The artificial intelligence industry is what scholar Kate Crawford calls an “extractive” business. In her book Atlas of AI, Crawford notes that rare earth minerals like mercury and zinc must be mined in large quantities in order to build the machines used to train and run AI models. Coal and oil must be drawn from the earth in order to power the data centers that provide the necessary computational power and resources for AI algorithms to work.

All of this comes at a cost to the environment. Not only in the form of soil and air pollution, but also carbon emissions and water use.

 

AI’s Carbon Footprint

“Minerals are the backbone of AI, but its lifeblood is still electrical energy,” Crawford wrote. “In reality, it takes a gargantuan amount of energy to run the computational infrastructures of Amazon Web Services or Microsoft’s Azure, and the carbon footprint of the AI systems that run on those platforms is growing.” 

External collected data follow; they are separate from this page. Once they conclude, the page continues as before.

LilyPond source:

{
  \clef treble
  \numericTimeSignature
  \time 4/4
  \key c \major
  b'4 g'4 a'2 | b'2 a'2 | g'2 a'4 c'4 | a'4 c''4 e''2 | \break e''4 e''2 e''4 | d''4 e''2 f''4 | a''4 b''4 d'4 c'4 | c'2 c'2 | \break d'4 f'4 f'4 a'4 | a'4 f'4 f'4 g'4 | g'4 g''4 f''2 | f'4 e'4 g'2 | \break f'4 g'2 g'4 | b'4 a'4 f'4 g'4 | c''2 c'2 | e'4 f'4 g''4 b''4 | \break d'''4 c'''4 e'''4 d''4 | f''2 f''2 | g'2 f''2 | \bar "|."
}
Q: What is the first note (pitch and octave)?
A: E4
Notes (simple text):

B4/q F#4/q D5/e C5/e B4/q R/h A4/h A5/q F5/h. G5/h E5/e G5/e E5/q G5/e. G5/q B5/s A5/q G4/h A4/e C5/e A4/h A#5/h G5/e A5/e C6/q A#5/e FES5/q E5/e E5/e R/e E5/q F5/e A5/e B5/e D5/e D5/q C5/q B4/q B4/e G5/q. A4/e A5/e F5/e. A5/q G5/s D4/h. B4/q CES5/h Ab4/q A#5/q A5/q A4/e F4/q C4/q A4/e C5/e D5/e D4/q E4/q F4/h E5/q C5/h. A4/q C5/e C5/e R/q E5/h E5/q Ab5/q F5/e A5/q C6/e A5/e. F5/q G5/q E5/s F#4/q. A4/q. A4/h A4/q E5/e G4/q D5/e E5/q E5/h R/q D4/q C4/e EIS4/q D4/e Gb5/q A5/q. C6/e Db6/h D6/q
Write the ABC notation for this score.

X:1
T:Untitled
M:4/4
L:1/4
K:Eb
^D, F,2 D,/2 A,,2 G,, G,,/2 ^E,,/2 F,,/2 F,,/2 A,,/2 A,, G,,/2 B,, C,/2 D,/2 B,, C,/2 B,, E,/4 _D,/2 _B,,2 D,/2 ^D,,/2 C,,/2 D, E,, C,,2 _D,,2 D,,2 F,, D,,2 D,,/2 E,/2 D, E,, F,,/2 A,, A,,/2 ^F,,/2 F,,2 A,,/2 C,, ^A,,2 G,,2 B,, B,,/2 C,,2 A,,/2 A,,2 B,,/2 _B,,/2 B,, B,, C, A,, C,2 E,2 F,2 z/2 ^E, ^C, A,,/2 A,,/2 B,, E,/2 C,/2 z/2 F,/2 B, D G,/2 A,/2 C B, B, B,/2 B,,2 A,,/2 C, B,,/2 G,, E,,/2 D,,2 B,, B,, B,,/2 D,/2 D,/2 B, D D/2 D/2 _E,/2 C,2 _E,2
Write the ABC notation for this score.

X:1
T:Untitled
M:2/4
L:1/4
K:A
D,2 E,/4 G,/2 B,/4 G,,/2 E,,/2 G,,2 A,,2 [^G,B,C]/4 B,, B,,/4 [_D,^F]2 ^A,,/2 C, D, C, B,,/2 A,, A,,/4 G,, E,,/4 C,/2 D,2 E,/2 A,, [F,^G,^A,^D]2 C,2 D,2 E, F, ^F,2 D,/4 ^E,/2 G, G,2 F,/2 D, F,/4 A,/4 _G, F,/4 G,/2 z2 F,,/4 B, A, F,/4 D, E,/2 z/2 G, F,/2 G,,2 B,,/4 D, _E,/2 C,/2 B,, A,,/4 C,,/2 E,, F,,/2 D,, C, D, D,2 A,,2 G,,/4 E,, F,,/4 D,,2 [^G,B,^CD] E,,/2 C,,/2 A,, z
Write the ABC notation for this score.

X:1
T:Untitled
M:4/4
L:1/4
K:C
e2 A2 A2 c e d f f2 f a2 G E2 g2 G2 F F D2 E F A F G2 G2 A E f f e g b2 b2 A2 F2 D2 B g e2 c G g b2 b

A 2022 research paper published by AI startup Hugging Face found that making its language model BLOOM resulted in more than 50 metric tons of carbon dioxide emissions, roughly the equivalent of 60 flights from London to New York. And that’s significantly less than the emissions associated with other language models.

Another paper, published in 2019 by researchers at the University of Massachusetts, Amherst, found that training just one AI model can emit more than 626,000 pounds of carbon dioxide — nearly five times the lifetime emissions of the average American car, including the manufacturing of the car itself. 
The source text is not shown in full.